Multilingual sentence encoder

XeL · May 18, 2021, 11:09pm

I was looking for a model to process French sentences, but I can’t find any for TF.js. So, using tensorflowjs_converter, I tried to convert the universal-sentence-encoder-multilingual model (TensorFlow Hub), but it’s not working.

I get an error “Op type not registered ‘SentencepieceOp’ in binary running”

Is there an existing multilingual model available for TF.js or a way to make it work?

Thanks!

Bhack · May 19, 2021, 9:54am

Have you checked TF2.0 hub Universal Sentence Encoder Multilingual Sentenepieceop not registered problem · Issue #463 · tensorflow/hub · GitHub?

lgusm · May 19, 2021, 10:33am

as mentioned by Bhack, adding import tensorflow_text might fix.

XeL · May 19, 2021, 1:02pm

I’m trying convert that model to TF.js with the tensorflowjs_converter tool like this:

tensorflowjs_converter \     
    --input_format=tf_hub \
    'https://tfhub.dev/google/universal-sentence-encoder-multilingual/3' \
    web_model

I did make it work with Pyhton (with import tensorflow_text), but I’m looking for a way to make it works with JavaScript.

8bitmp3 · May 19, 2021, 4:52pm

Great question and use case @XeL. Looping in @Jason

Bhack · May 19, 2021, 4:58pm

It was similar to Converting to tensorflow.js · Issue #668 · google-research/text-to-text-transfer-transformer · GitHub

Jason · May 19, 2021, 5:07pm

Thanks! Let me loop in the TFJS team for this one.
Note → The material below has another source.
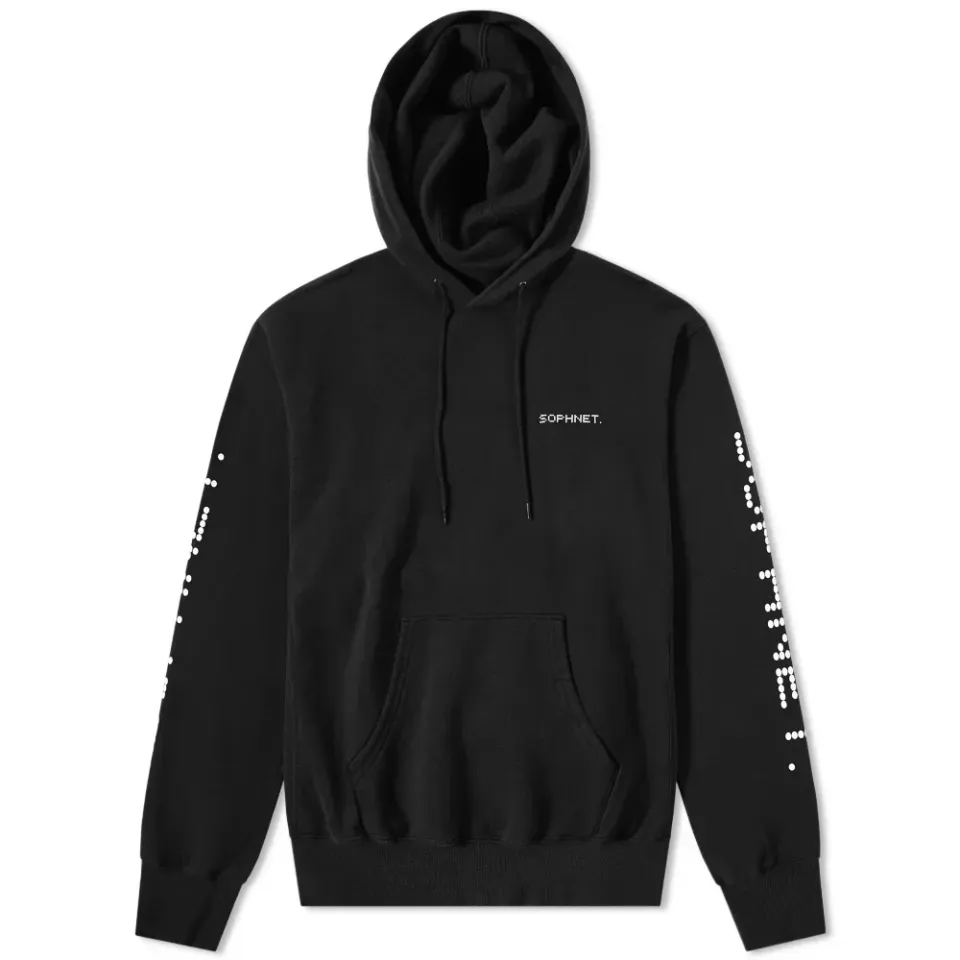 SOPHNET. Authentic Logo Pullover Hoody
Someone should reply shortly.

Bhack · May 19, 2021, 5:17pm

This is also an interesting topic for tfhub about how to handle ecosystem dependencies in tfhub models like in this case when we need to use the model with the converter.

XeL · May 19, 2021, 5:34pm

I haven’t found doc on how to use tfjs.converters directly, but I was able to go beyond the tensorflow_text with the following code (based on the logic of the CLI converter):

import tensorflow as tf
import tensorflowjs as tfjs
import tensorflow_hub as hub
import tensorflow_text

from tensorflowjs.converters import tf_saved_model_conversion_v2

tf_saved_model_conversion_v2.convert_tf_hub_module(
    "https://tfhub.dev/google/universal-sentence-encoder-multilingual/3",
    "web_model",
    signature="serving_default"
)

However, I now get the following error:

ValueError: Unsupported Ops in the model before optimization
SentencepieceOp, SegmentSum, RaggedTensorToSparse, ParallelDynamicStitch, SentencepieceTokenizeOp, DynamicPartition

It seems that this multilingual model uses different operators than the universal sentence encoder provided of TF.js model’s page.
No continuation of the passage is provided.